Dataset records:
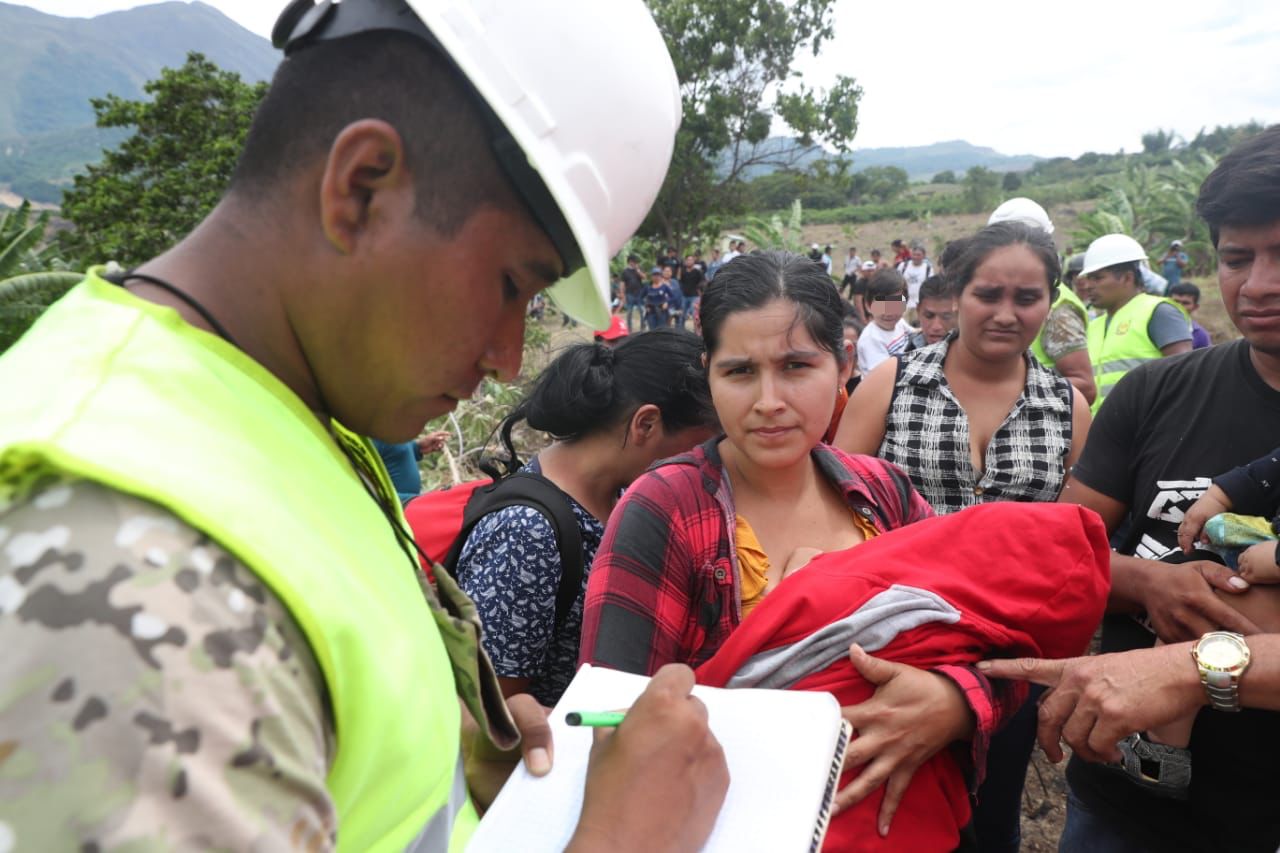 Foto de miembros del Ejército empadronando a afectados del movimiento telúrico en Amazonas.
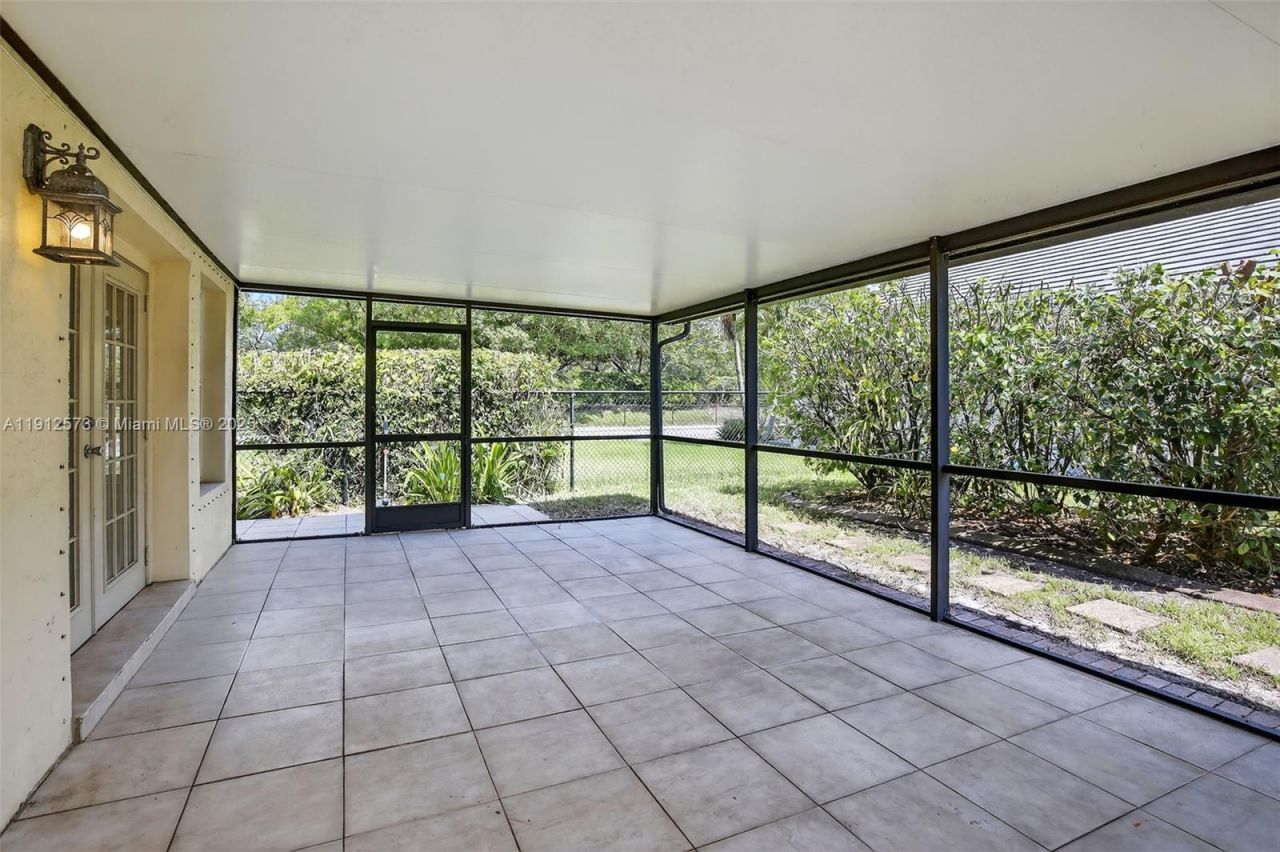 8800 Lake Park Cir N, Davie, FL 33328 Photo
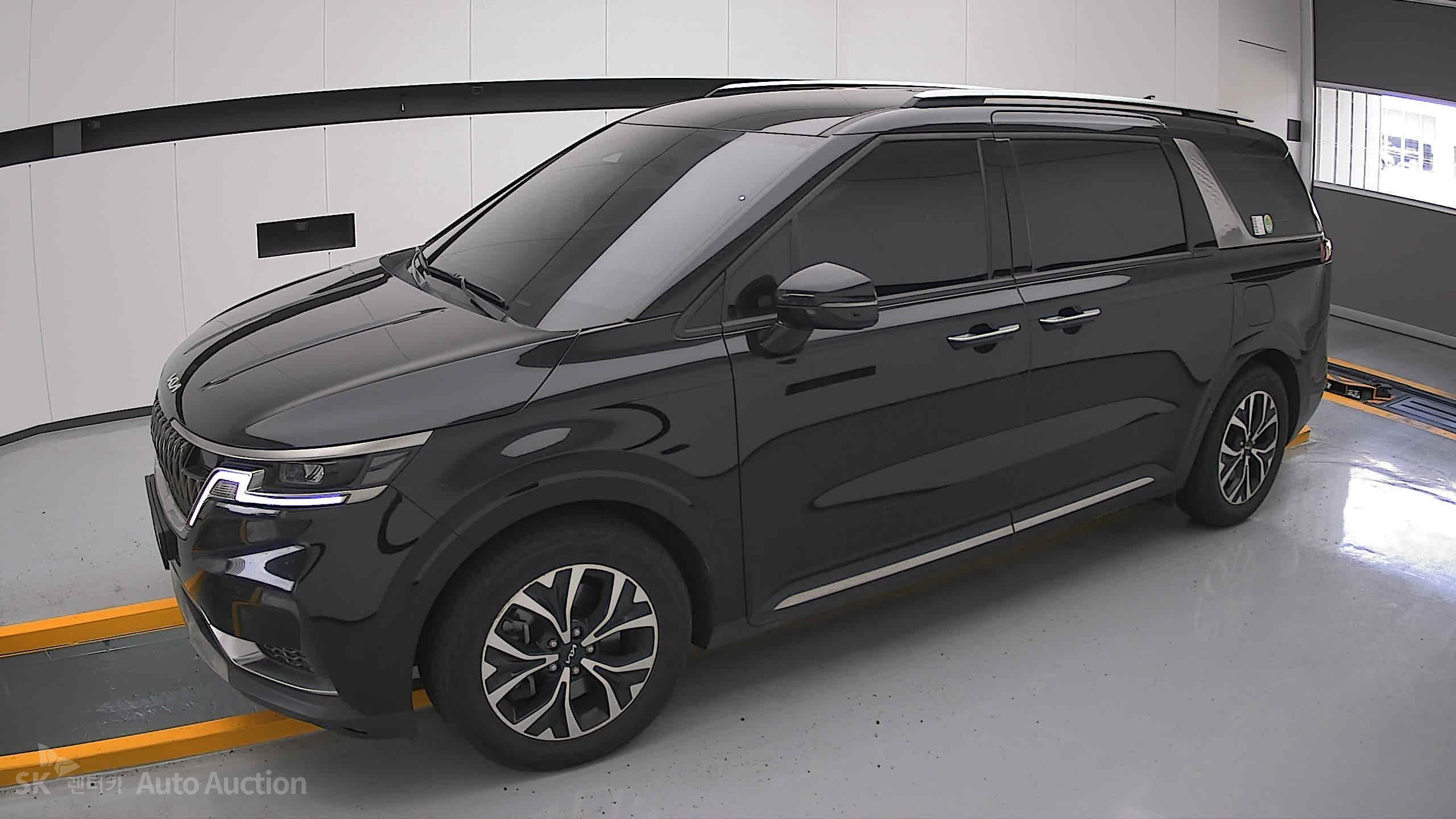 2023 - kia carnival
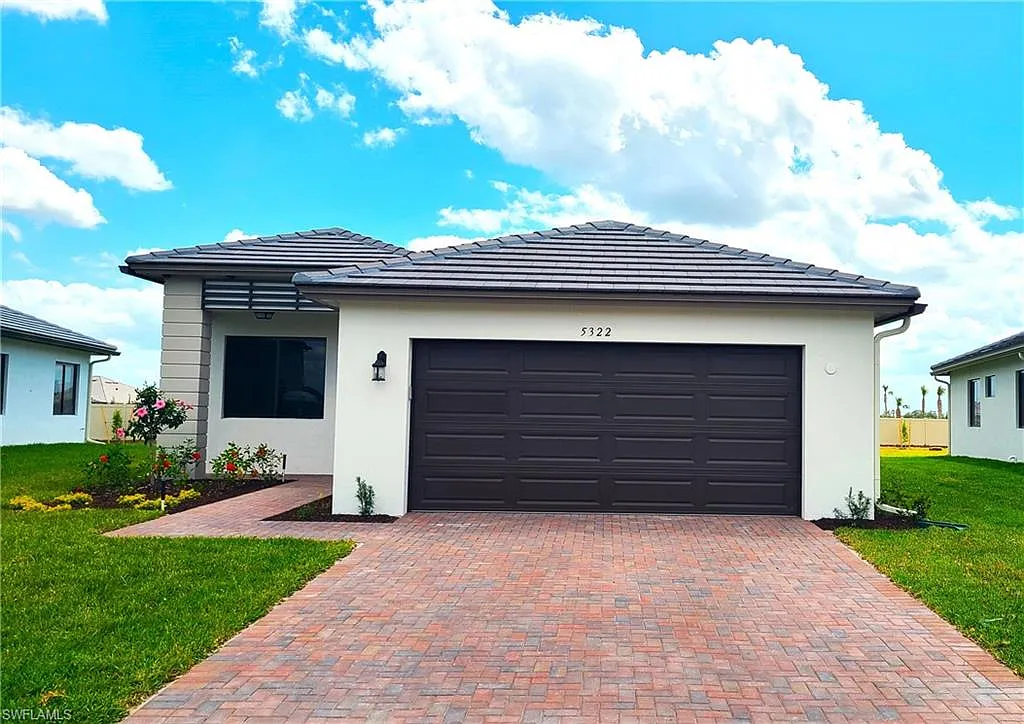 3 bed, 3.0 bath, 1918 sqft, $2,650 — Photo 1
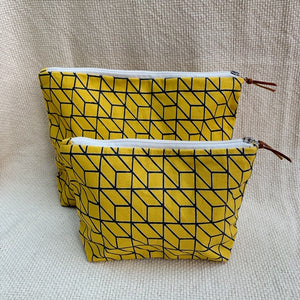 Cosmetic pouch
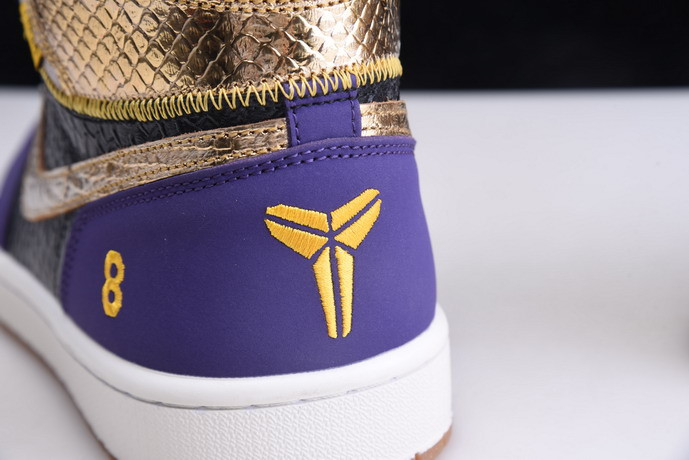 KOBE BRYANT X AIR JORDAN 1 HIGH OG BLACK-PURPLE 555088-171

What you should do: Print once more, exactly, the lines from the one with "2023 - kia carnival" through the last line of the data, both ends included, without any pictures.

Solution to this exercise:
 2023 - kia carnival
 3 bed, 3.0 bath, 1918 sqft, $2,650 — Photo 1
 Cosmetic pouch
 KOBE BRYANT X AIR JORDAN 1 HIGH OG BLACK-PURPLE 555088-171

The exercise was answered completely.